To begin with, when learning about ML/AI you may just use the model specified in the tutorial you’re doing, but later on you’ll want to research, test, and evaluate different models based on size, performance and write your code to suit.

pretrained Sentence Transformer models



Let's compare output using 2 different models that I used in a recent project for semantic search :

https://qdrant.tech/documentation/overview/vector-search

According to the documentation for SBERT - "The all-mpnet-base-v2 model provides the best quality, while all-MiniLM-L6-v2 is 5 times faster and still offers good quality."

Here are the results from the same code, but using different models to embed and query Rightmove Property listings
all-mpnet-base-v2
all-mpnet-base-v2
all-MiniLM-L6-v2
all-MiniLM-L6-v2

“Intended to be used as a sentence and short paragraph encoder. Given an input text, it outputs a vector which captures the semantic information. The sentence vector may be used for information retrieval, clustering or sentence similarity tasks.
By default, input text longer than 256 word pieces is truncated.”

https://huggingface.co/sentence-transformers/all-MiniLM-L6-v2

What does the “L” mean?

The sentence-transformers/all-MiniLM-L12-v2 and sentence-transformers/all-MiniLM-L6-v2 are both models from the Sentence Transformers library, specifically designed for tasks like semantic search, clustering, and paraphrase mining. They are built using the MiniLM architecture but differ primarily in their size and, consequently, their performance and efficiency.

Key Differences

  1. Model Size:
  • all-MiniLM-L12-v2: This model has 12 layers.
  • all-MiniLM-L6-v2: This model has 6 layers.
  1. Performance:
  • Accuracy and Embedding Quality: Generally, the L12 model (with 12 layers) is expected to provide higher quality embeddings compared to the L6 model (with 6 layers). This is because deeper models can capture more complex representations of the input data.
  • Inference Speed: The L6 model, having fewer layers, will be faster in inference compared to the L12 model. This can be particularly beneficial when dealing with real-time applications or limited computational resources.
  1. Memory and Computational Requirements:
  • The L12 model will require more memory and computational power both for training and inference due to its increased number of parameters.
  • The L6 model is more lightweight, making it more suitable for deployment in environments with constrained resources.

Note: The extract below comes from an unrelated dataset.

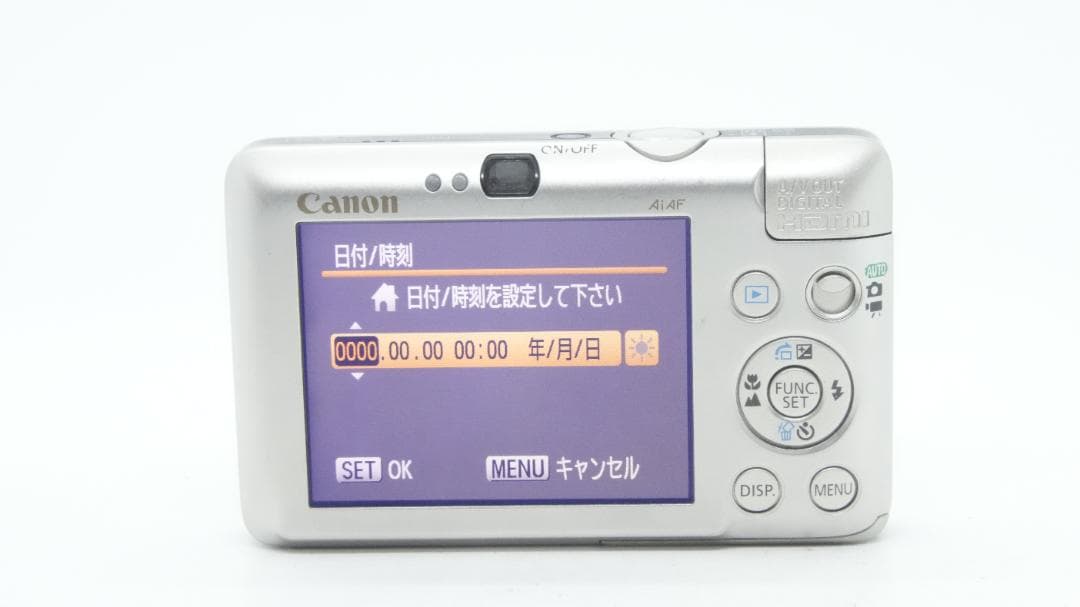【Y3127】 Canon IXY Digital 210 IS キャノン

Use Cases and Recommendations

  1. all-MiniLM-L12-v2:
  • When to Use: Choose this model when you need higher accuracy and the best possible quality of sentence embeddings. It is suitable for applications where the slight increase in computational cost is acceptable for the benefit of better performance.
  • Typical Applications: Semantic search engines, high-quality text clustering, paraphrase detection, and other tasks where the quality of embeddings is crucial.
  1. all-MiniLM-L6-v2:
  • When to Use: Opt for this model if you need faster inference and have limited computational resources, while still requiring reasonably good performance. It strikes a balance between speed and accuracy.
  • Typical Applications: Real-time applications, deployment on edge devices, or scenarios where you need to process a large volume of text quickly.

Summary

  • L12 (12 layers): Better performance and higher quality embeddings, but slower and more resource-intensive.
  • L6 (6 layers): Faster and more efficient, with a slight trade-off in embedding quality.

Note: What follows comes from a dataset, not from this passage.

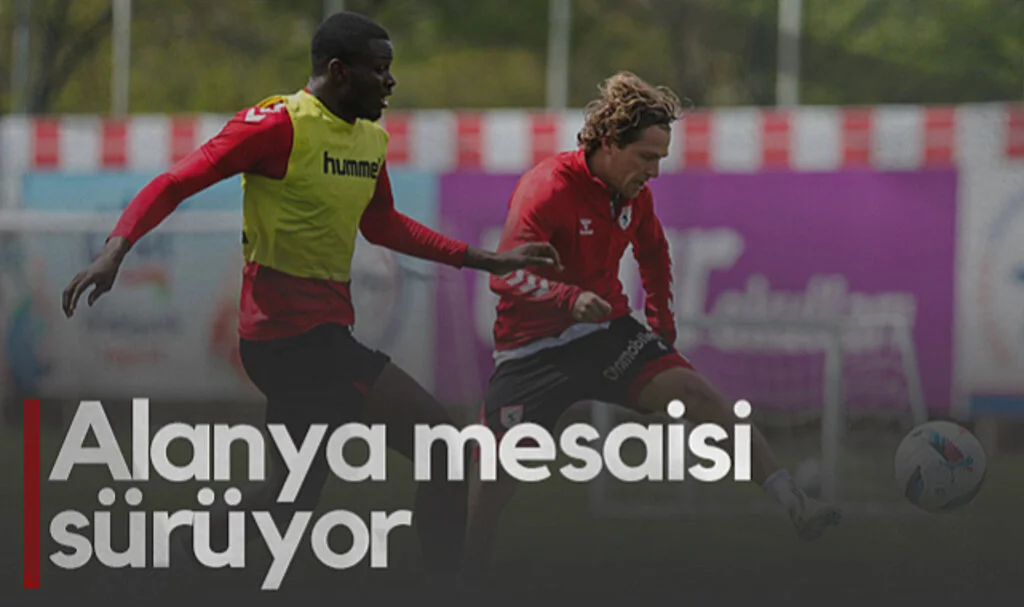 Samsunspor Alanyaspor Maçı İçin Hazırlıklarını Sürdürüyor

Your choice between the two should depend on your specific application requirements and constraints. If computational resources and speed are critical, all-MiniLM-L6-v2 is a good choice. If embedding quality and accuracy are paramount, then all-MiniLM-L12-v2 is preferable.

Verdict

Both work, but give slightly different results. For more info, check this comparison table

Make sure you use the correct dimensions eg 384 or 768 specific to the model you are using!

Else error!

Tip! – You can also use model.get_sentence_embedding_dimension() to get the dimensionality of the model you are using.

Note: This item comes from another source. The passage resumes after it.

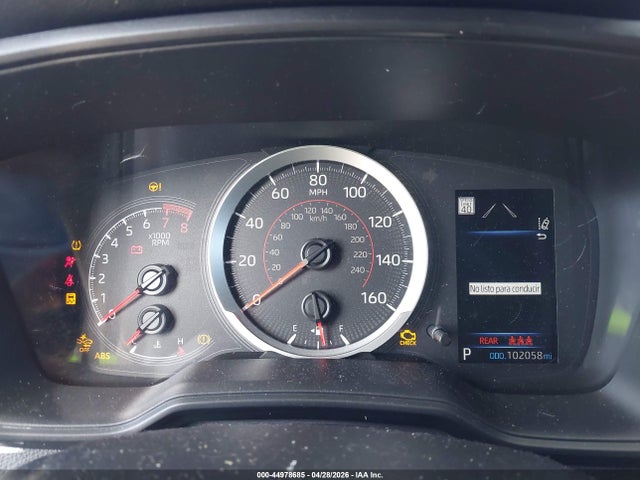 5YFS4MCE4NP098541 Toyota COROLLA SE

See also : https://www.sbert.net/docs/sentence_transformer/pretrained_models.html#semantic-similarity-models

A note on Metrics

When configuring vector parameters for tasks like similarity search, clustering, or classification, you need to choose a distance metric that will measure the similarity or dissimilarity between vectors. The choice of distance metric can significantly impact the performance of your model.

Common Distance Metrics

  1. Cosine Similarity:
    • Formula: Cosine similarity measures the cosine of the angle between two vectors.
    • Range: The result ranges from -1 to 1, where 1 means the vectors are identical, 0 means they are orthogonal, and -1 means they are diametrically opposite.
    • Use Case: Cosine similarity is particularly useful when the magnitude of the vectors is not important, but the orientation is. It is widely used in text analysis and NLP tasks, where vectors represent the direction of the word embeddings rather than their magnitude.